How Zapier used FOMO to hit 50m ARR
Happy Friday folks! We’ve got bigger news than Joe Rogan’s Spotify deal—please welcome the newest member of the SaaS Playbook team, Bern!
She’s a fellow SaaS enthusiast who will be helping curate our playbook content and help push some other initiatives we’re noodling on (more on that in the coming weeks). Excited to have her on board.
📧 When Alex Lieberman started The Morning Brew, he didn’t expect to build a $13m dollar newsletter. He didn’t even intend to start a business; he was just a student looking to keep up with financial news. But he recognized that industry publications were pretty dull and not designed for he and his peers, so he decided to create more relatable content himself. He went with a variety of grassroots tactics to get it off the ground, like asking for sign-ups at lectures he gave to increase word of mouth.
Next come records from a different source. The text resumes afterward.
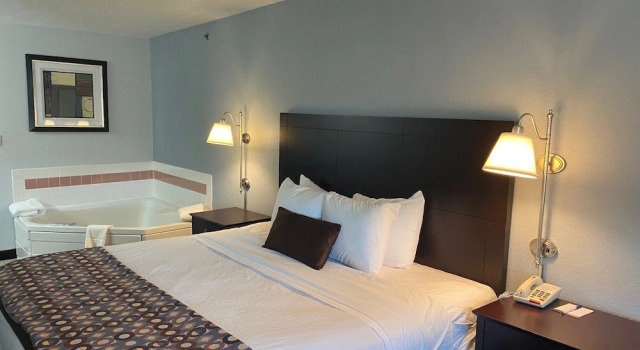 Люкс Deluxe Baymont by Wyndham Danville IL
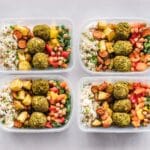 Kolorowe pudełka z falafelami, ryżem, ciecierzycą i warzywami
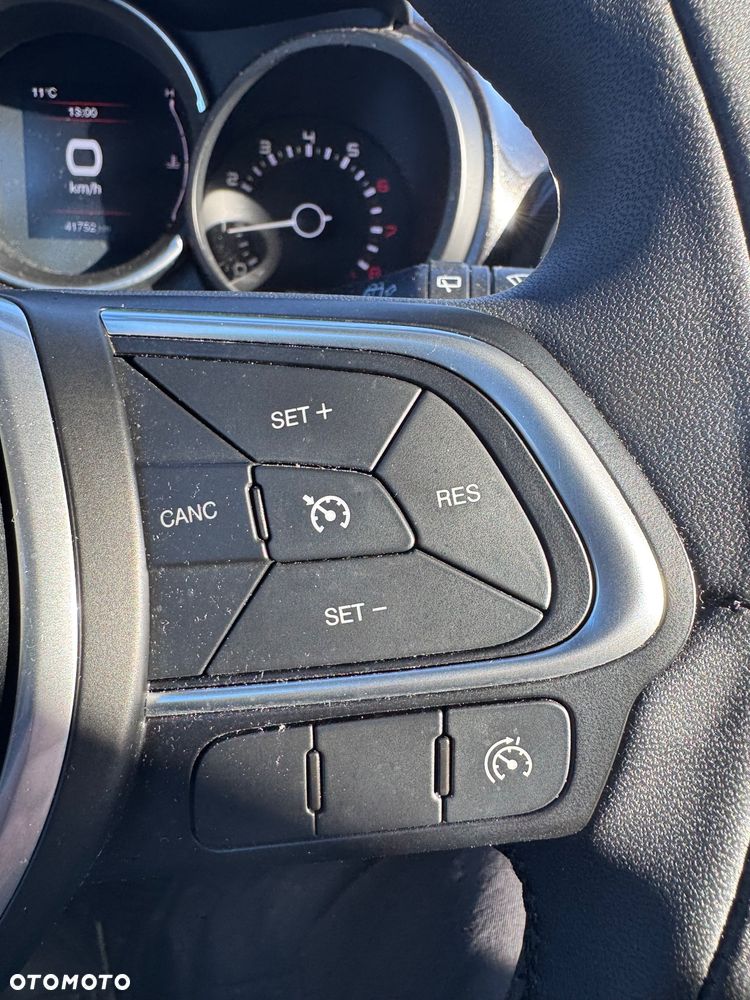 Fiat 500L 1.4 16V Urban Edition - 27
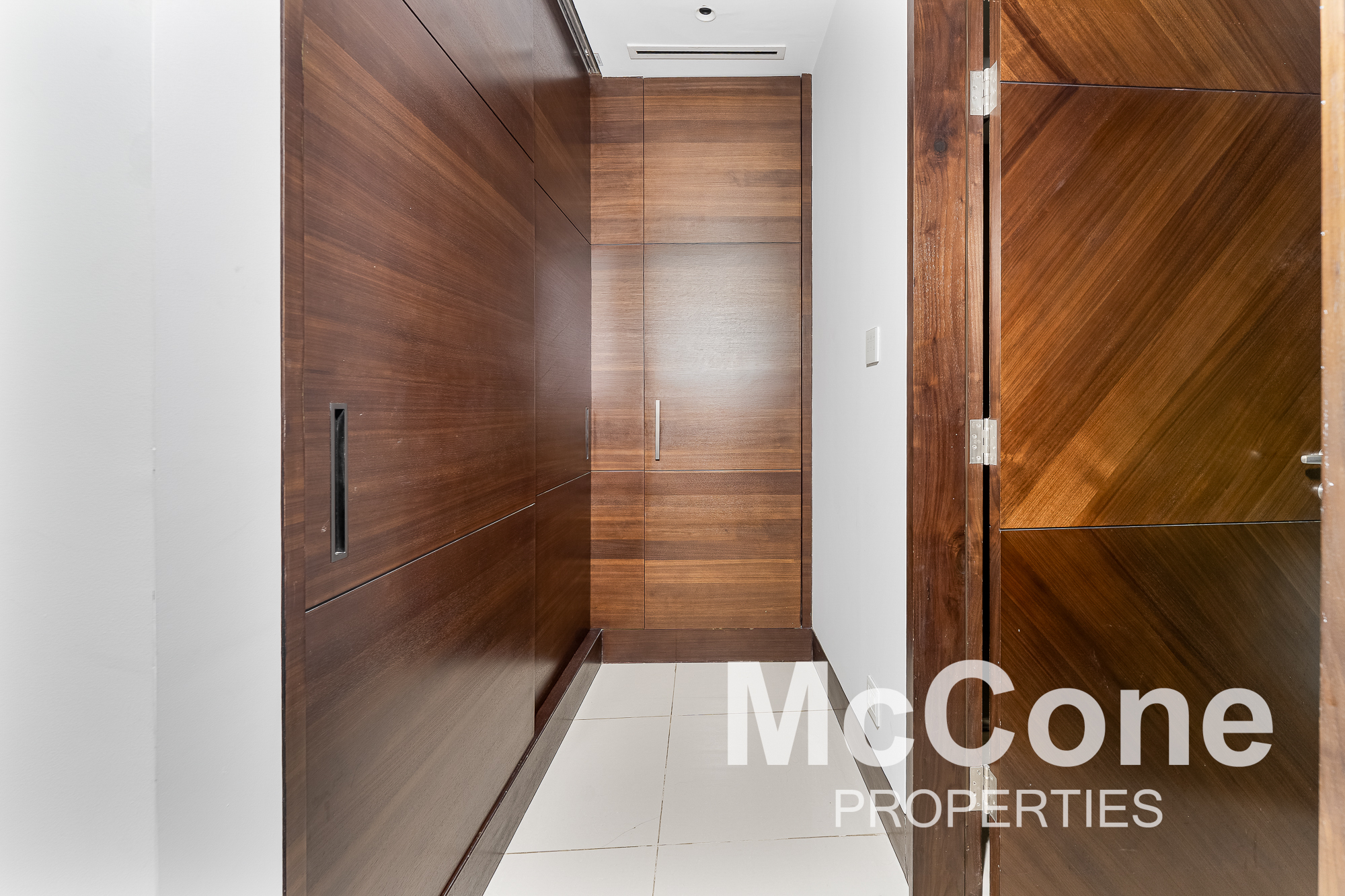 3 Bedroom Apartment for Rent in The Address Sky View Tower 1, Downtown Dubai — photograph 11 of 18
Pretty interesting how Lieberman mostly relied on his own curiosity to create the newsletter—he admits he isn’t a writer or skilled content creator. He just identified a problem and was relentless in solving it; it’s that same the same type of ambition he looks for in hires.
🐾 While we’re on email marketing, let’s look at the way Vero broke down the nuances of email KPIs. They point out that just looking at campaign centric data, like open rates, CTRs, and conversions on a campaign by campaign basis is helpful, but limited. To really get the full picture, you’ll want to couple those basic metrics with the context about how your audience interacts with your brand. For example, you shouldn’t assume a fresh email subscriber is new to your brand; they could have been quietly admiring your tweets for a while.
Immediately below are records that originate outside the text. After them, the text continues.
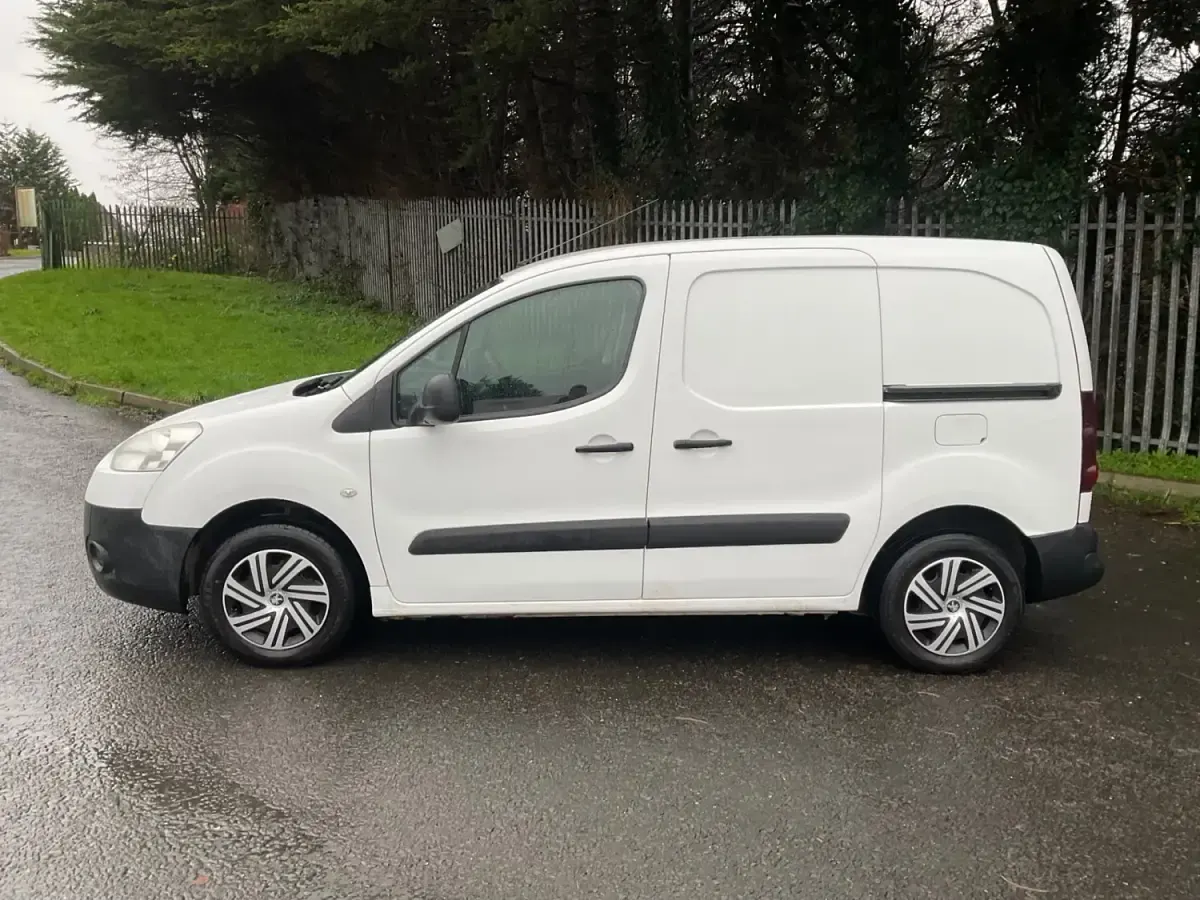 Usado Peugeot Partner S 2014 Branco Monovolume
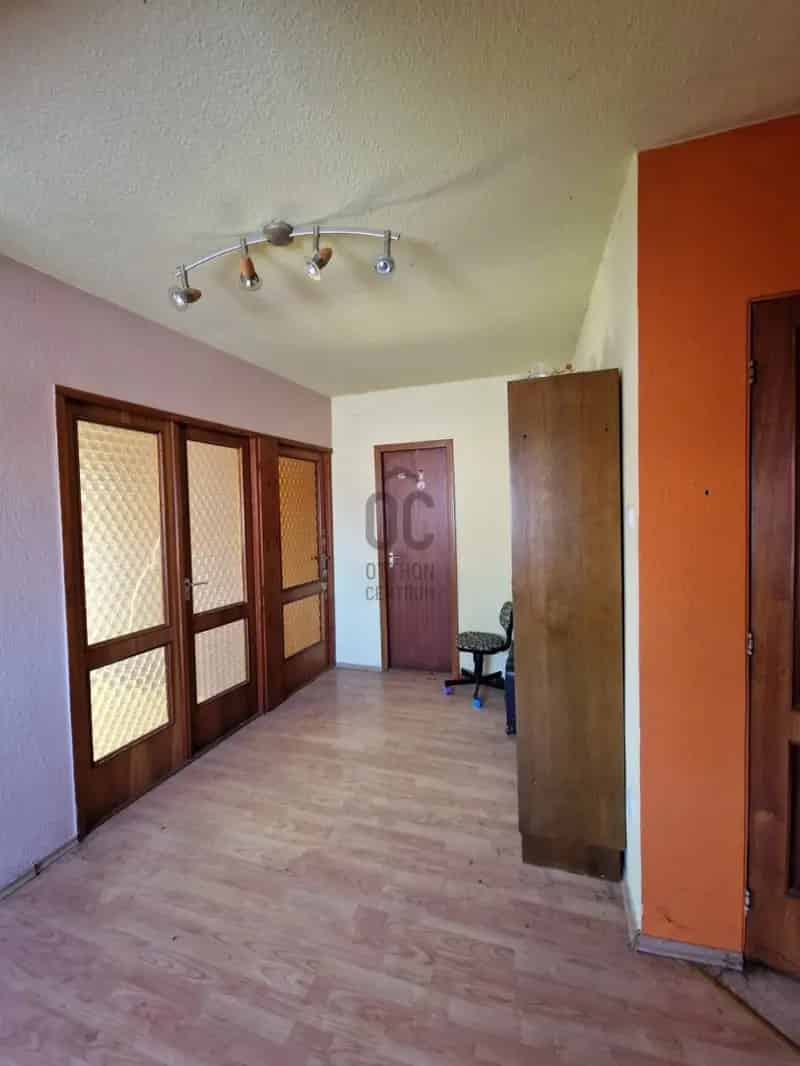 Ház Kiadó , Budapest, Közép-Magyarország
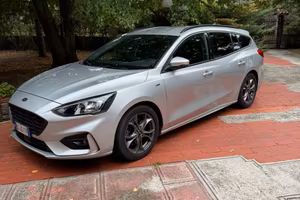 Ford Focus SW ST line con gancio traino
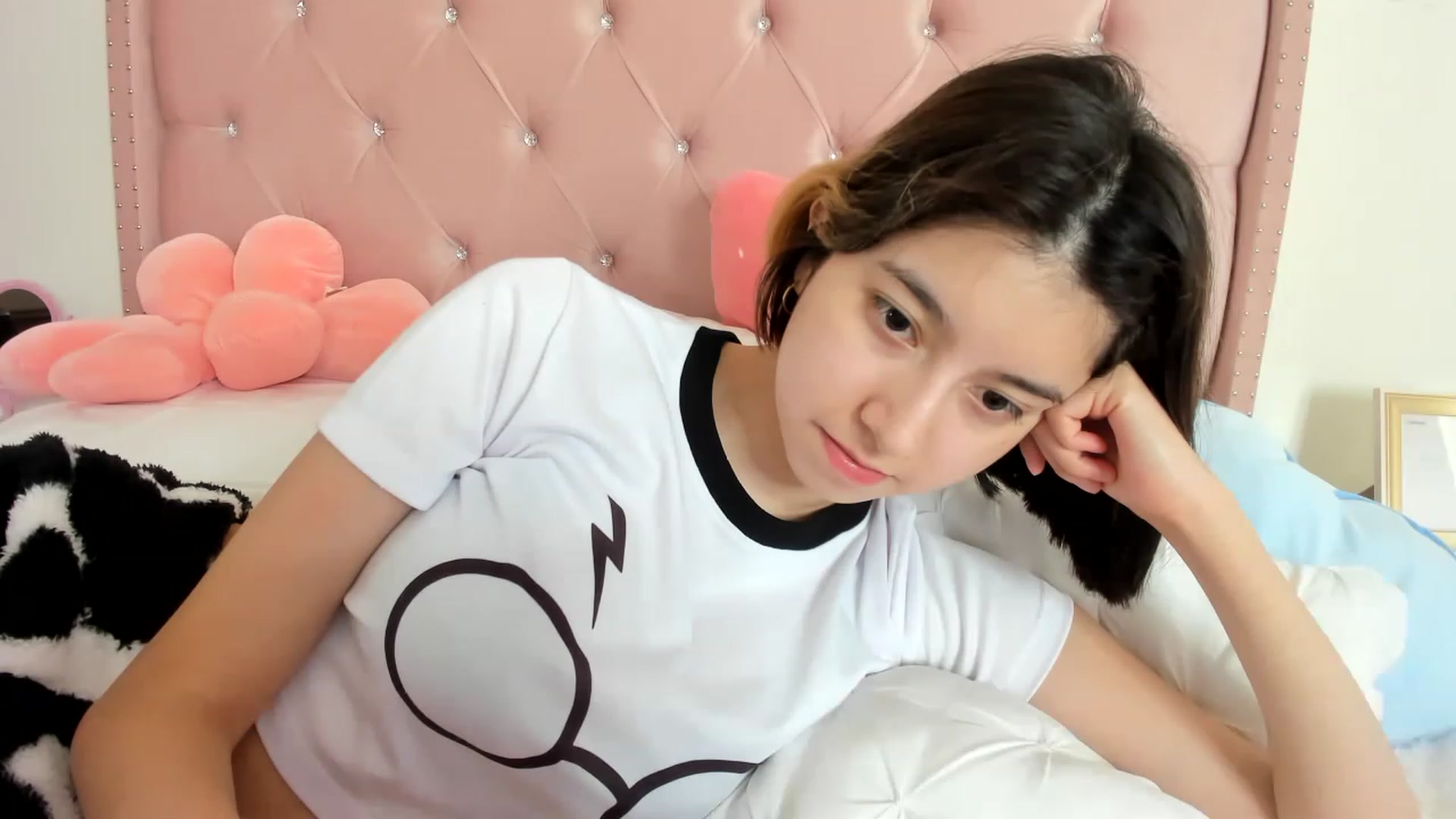 Gallery image thumbnail from Cherrycute666's myfreecams stream on, 01/03/2023, 21:39 image 4 of 20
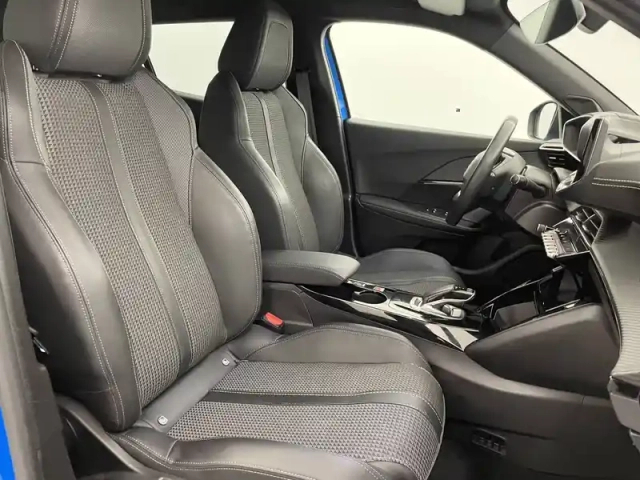 Peugeot 2008 electrique 136 ch — photo 28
As Vero puts it, “Customers don’t interact with or think about your company as separate marketing channels or individual email campaigns. So why would you track email performance in such silos?”
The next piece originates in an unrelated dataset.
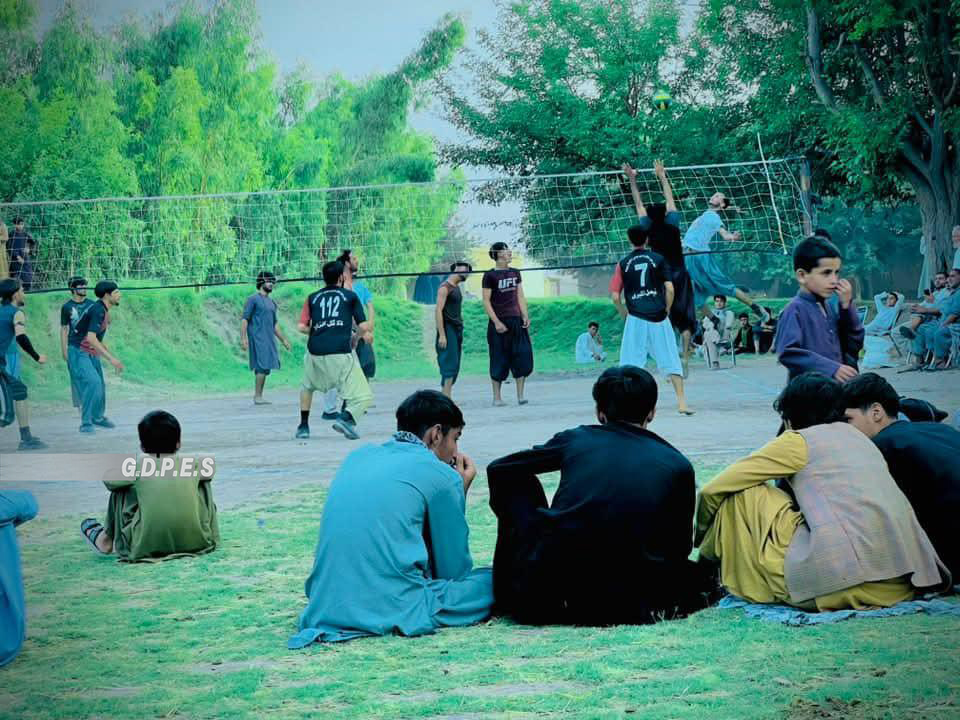 ننگرهار؛ ښیوې ولسوالۍ کې د ۲۴ لوبډلو ترمنځ د واليبال سيالۍ پيل شوې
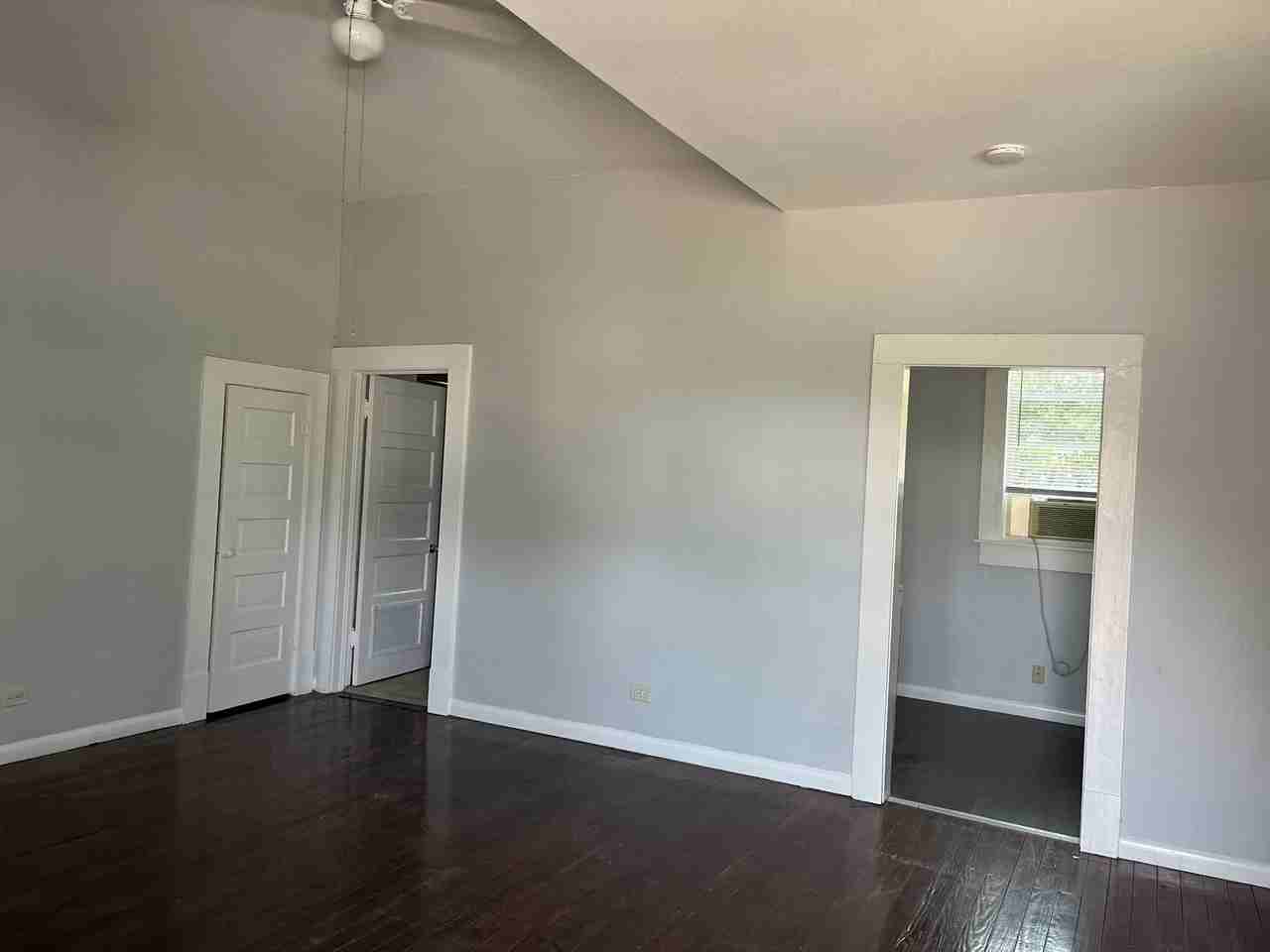 1417 W Elsmere Pl #NA - Photo 4 of 7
🤝 By amassing over 2,000 integrations in just nine years, Zapier continues to be a quickly growing player in SaaS, hitting 50m ARR just a couple years back. What was their secret sauce? Zapier started with a handful of key integrations to create an MVP, then they played on a simple but powerful principle: FOMO. As more operators caught wind of Zapier, they wondered why their competitors had integrations, and they were left out. By building out a solid partnership strategy, Zapier was able to get partners to build the connectors and even promote them for them.
💵 The cycling in and out of customers is the bane of most SaaS company’s existence. While new customer acquisition is vital, retention is even more important because what’s a leaky bucket worth? The quick and easy way to measure is the appropriately named Quick Ratio. As Ben Murray (The SaaS CFO) explains, the SaaS Quick Ratio measures your directional growth, or to simplify even further, net gains vs. net losses of bookings or subscribers. It’s one of those metrics that most people know but few actually measure on a consistent basis, so here’s your friendly reminder that there’s no better number to give you the heartbeat of your business.
🦎 We tuned into the SaaS Podcast’s most recent episode which features Paul Joyce, founder and CEO of the dashboard tool Geckoboard. It’s an inspiring story, Paul decided to make the leap from his banking job into entrepreneurship and took 4 years to just decide on what idea he wanted to pursue. That led to a dashboards MVP launched on Hacker News which garnered him a couple hundred signups. It wasn’t a ton of traction, but enough to get the feedback needed to iterate and push forward. He ended up using his life’s savings to give his growing idea 5 months of runway, and it paid off—today they have 5,000 customers and are doing over 5m ARR.